Downloading the file manually, I get the same checksum as the one shown as actual above. I looked for another copy of the file on the internet, but did not find it anymore. Luckily, I had a copy of the old version around on one of my disks, so I was able to compare their contents:
thb@thb-nb:~/Downloads$ md5sum tcl-core-8-6-8-old.zip tcl-core-8-6-8-new.zip
36fbbc668961044fdda89c5ee2ba67a2 tcl-core-8-6-8-old.zip
b018a409832df1788f22b1a983fd7c5b tcl-core-8-6-8-new.zip
Matches the above figures I found in the console log and checking the size shows that they have identical size:
thb@thb-nb:~/Downloads$ ls -l tcl-core-8-6-8-old.zip tcl-core-8-6-8-new.zip
-rw-r--r-- 1 thb users 7875812 13. Feb 17:05 tcl-core-8-6-8-new.zip
-rw-r--r-- 1 thb users 7875812 13. Feb 17:08 tcl-core-8-6-8-old.zip
Next, I extracted the contents into two directories and compared them recursively:
thb@thb-nb:~/Downloads$ diff -r tcl-core-8-6-8-old tcl-core-8-6-8-new
thb@thb-nb:~/Downloads$
No difference, but why does the checksum fail? Guess it needs a deep dive using binary comparison:
thb@thb-nb:~/Downloads$ diff -u <(hexdump -C tcl-core-8-6-8-old.zip) <(hexdump -C tcl-core-8-6-8-new.zip) --- /dev/fd/63 2021-02-13 17:38:06.439702799 +0100 +++ /dev/fd/62 2021-02-13 17:38:06.435702801 +0100 @@ -492233,8 +492233,8 @@ 00782c80 75 00 74 63 6c 2d 63 6f 72 65 2d 38 2d 36 2d 38 |u.tcl-core-8-6-8| 00782c90 2f 77 69 6e 2f 74 63 6c 73 68 2e 72 63 55 54 05 |/win/tclsh.rcUT.| 00782ca0 00 01 47 7c 39 5a 50 4b 05 06 00 00 00 00 2c 08 |..G|9ZPK......,.| -00782cb0 2c 08 cc 02 03 00 da 29 75 00 28 00 39 32 33 39 |,......)u.(.9239| -00782cc0 61 62 64 65 65 62 39 31 36 38 66 63 31 34 39 65 |abdeeb9168fc149e| -00782cd0 31 66 61 32 63 32 36 35 64 63 30 35 62 63 63 64 |1fa2c265dc05bccd| -00782ce0 38 66 30 66 |8f0f| +00782cb0 2c 08 cc 02 03 00 da 29 75 00 28 00 31 37 32 35 |,......)u.(.1725| +00782cc0 62 37 34 36 39 35 36 30 66 38 30 32 66 31 33 32 |b7469560f802f132| +00782cd0 61 38 37 61 62 63 65 35 39 61 65 33 32 32 38 64 |a87abce59ae3228d| +00782ce0 64 30 65 64 |d0ed| 00782ce4
782ce04
hex is 7875812
dec so that diff is at the very end of the file and up to the address 782cb0
hex the files have the same content. On one hand good news, but on the other I still have no idea why that is. Let’s see what the built-in test of unzip has to report:
thb@thb-nb:~/Downloads$ unzip -t tcl-core-8-6-8-old.zip | grep -v OK Archive: tcl-core-8-6-8-old.zip 9239abdeeb9168fc149e1fa2c265dc05bccd8f0f No errors detected in compressed data of tcl-core-8-6-8-old.zip. thb@thb-nb:~/Downloads$ unzip -t tcl-core-8-6-8-new.zip | grep -v OK Archive: tcl-core-8-6-8-new.zip 1725b7469560f802f132a87abce59ae3228dd0ed No errors detected in compressed data of tcl-core-8-6-8-new.zip.

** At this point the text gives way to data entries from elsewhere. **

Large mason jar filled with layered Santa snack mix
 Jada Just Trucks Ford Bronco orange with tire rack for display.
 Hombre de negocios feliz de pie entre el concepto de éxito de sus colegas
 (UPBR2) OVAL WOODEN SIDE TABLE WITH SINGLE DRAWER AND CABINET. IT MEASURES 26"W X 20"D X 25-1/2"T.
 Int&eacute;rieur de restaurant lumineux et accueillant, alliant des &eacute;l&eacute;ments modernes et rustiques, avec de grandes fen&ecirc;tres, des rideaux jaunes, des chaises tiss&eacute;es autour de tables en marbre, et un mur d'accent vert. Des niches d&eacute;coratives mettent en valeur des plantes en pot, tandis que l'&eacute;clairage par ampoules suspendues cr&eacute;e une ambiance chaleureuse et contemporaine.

Everything OK (the details of which I have suppressed here using grep -v OK
) and the numbers spit out are the numbers I see at the end of the file.
Looking at Wikipedia’s article about the ZIP format unveils that the difference is in a field called comment
. Great! Still the question remains: why did it change in the first place and when does it happen again (maybe other modules are affected as well)?